Forma di etnocentrismo ideologico non solo difensiva ma anche anche aggressiva, usata

intenzionalmente a volte per giustificare azioni militari, paramilitari e poliziesche. L’etnocentrismo

ideologico si presta moltissimi alla politicizzazione delle diversità culturali e quindi ha avuto spesso

nella storia dei risvolti negativi. Si è prestato a giustificare ideologicamente delle operazione di tipo

aggressivo nei confronti di popolazioni che erano identificate come portatrici di diversità culturali.

Alla base del razzismo c’è un popolo che fa del proprio ethnos il parametro di giudizio per valutare

le altre forme umane e culturali e li rende oggetto di giudizi di valore facendo delle gerarchie in cui

il proprio gruppo di appartenenza risulta essere all’apice di questa gerarchia e si giustificano anche

azioni aggressive nei confronti delle popolazioni considerate inferiori per le quali viene giustificata

anche l’eliminazione fisica, pensiamo al Nazismo.

RELATIVISMO CULTURALE

Nasce come reazione all’etnocentrismo che aveva motivato tante imprese di tipo coloniale, di tante

potenze europee che colonizzavano e sottomettevano altre popolazioni sulla base di un

ragionamento etnocentrico (pensavano di essere portatrici di una superiorità culturale e

tecnologica) e questo veniva argomentato sulla base di teorie di tipo culturale e di stampo

etnocentrico. Il relativismo culturale viene teorizzato nel contesto statunitense che cerca di

teorizzare approcci alle diversità e somiglianze culturali alternative a quelle che erano state

elaborate dalle potenze coloniali europee. Così nasce questo concetto teorizzato da Melville

Herskovitz. Nessuna azione umana può essere giudicata al di fuori del contesto culturale in cui

viene compiuta e delle norme che ispirano le decisioni di cui essa è frutto. Diversità umana viene

tollerata in quanto frutto di processi di inculturazione che hanno luogo nelle diverse società.
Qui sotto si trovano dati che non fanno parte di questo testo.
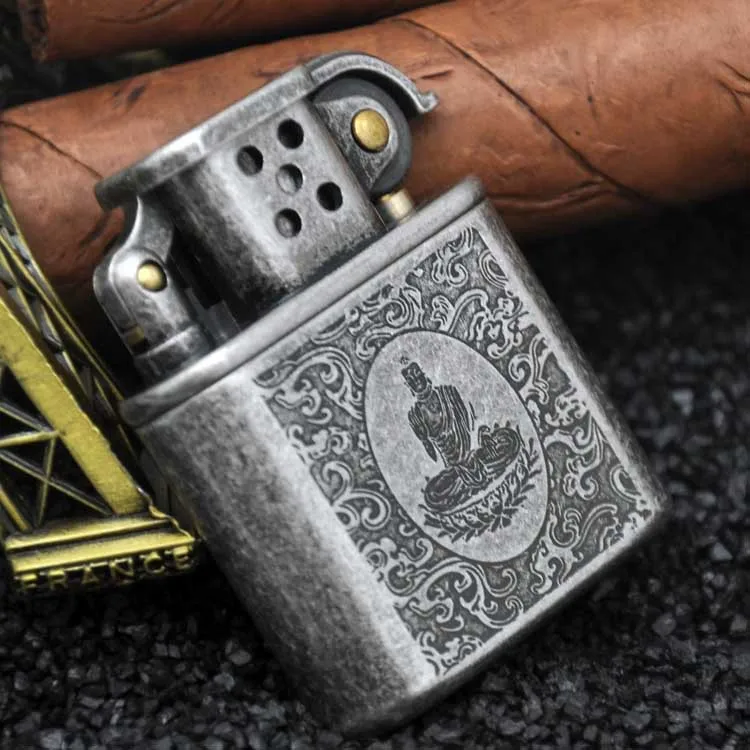 Масляная бензиновая зажигалка, керосин, многоразовая сигаретная зажигалка, звезда, Ретро стиль, Зорро, чехол для сигарет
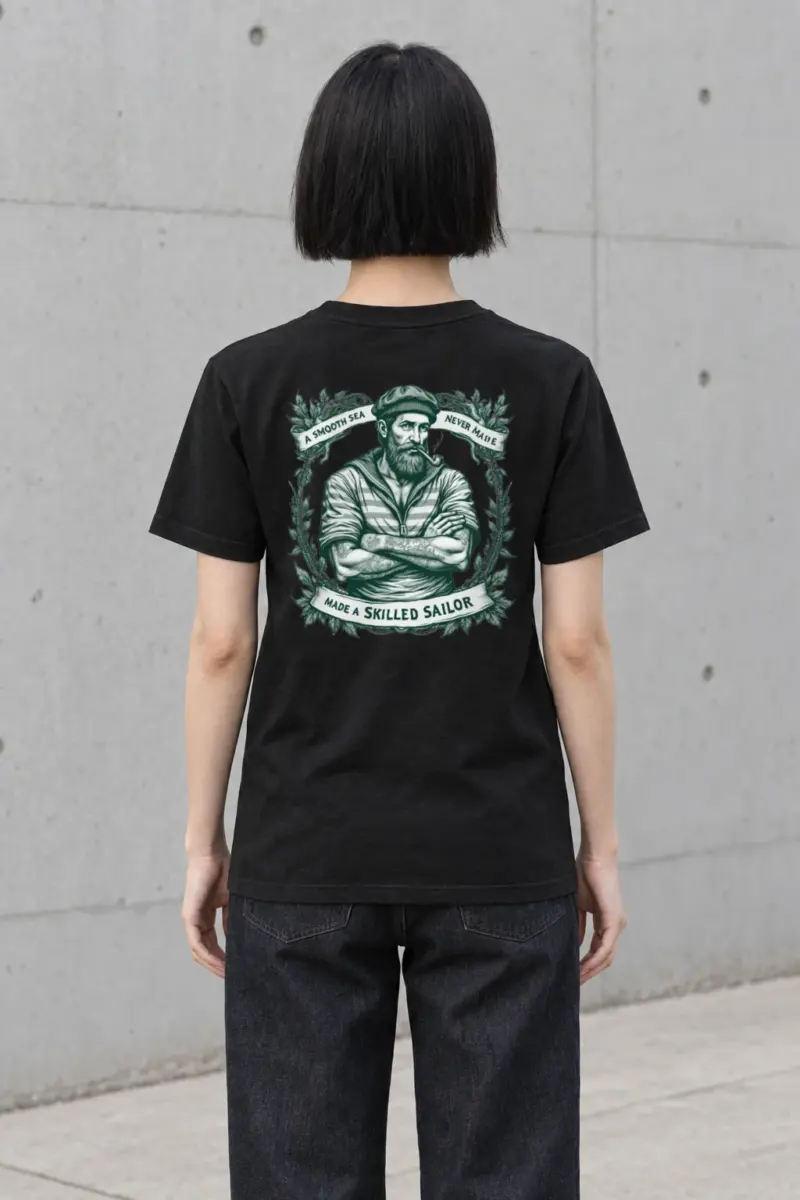 "A Smooth Sea" Heavyweight Unisex Crewneck T-shirt | Gildan 5000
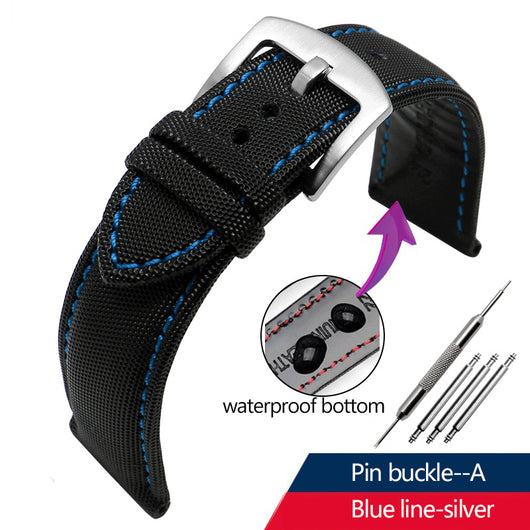 Correa de Reloj Nylon Canvas Tiansuo Haixing para Hombre - Image 9
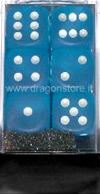 Set 12D6 Frosted - Blu Caraibico/Bianco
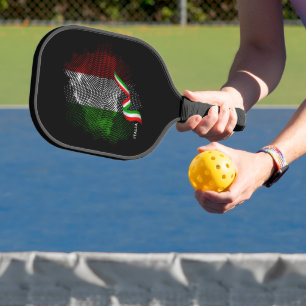 Italian flag pickleball paddle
Qualsiasi espressione di tipo culturale è frutto dell’elaborazione di un gruppo culturale specifico

che vive in un territorio specifico che deve confrontarsi con un ambiente ed elabora bisogni e

necessità specifiche ai quali risponde elaborando risposte culturali specifiche. Ogni produzione

culturale è specifica di un determinato gruppo e non può essere fatta oggetto di vizio da parte di un

altro gruppo. Tutte le culture hanno eguale dignità, le culture vengono percepite come risposte

specifiche alle esigenze che ha una società. Ogni gruppo elabora un insieme di tratti culturali

particolari che cerca di tramandare attraverso il processo di interculturazione per fare in modo che

la società sopravviva.

Ad esempio gli indiani d’America (studiati molto dalla scuola statunitense) hanno elaborato un

sistema linguistico perché dovevano nominare e indicare oggetti specifici presenti in quel posto e

non in un altro e quindi hanno elaborato un vocabolario specifico, dei costrutti particolari e questi

hanno una coerenza e una razionalità se studiati all’interno di quel gruppo. All’interno di quella

società di nativi americani di quel contesto specifico, questo linguaggio elaborato per denominare

oggetti presenti nel quotidiano, essi hanno dovuto tramandarlo attraverso il processo di

inculturazione per permettere la comprensione reciproca tra i membri ma anche tra le generazioni.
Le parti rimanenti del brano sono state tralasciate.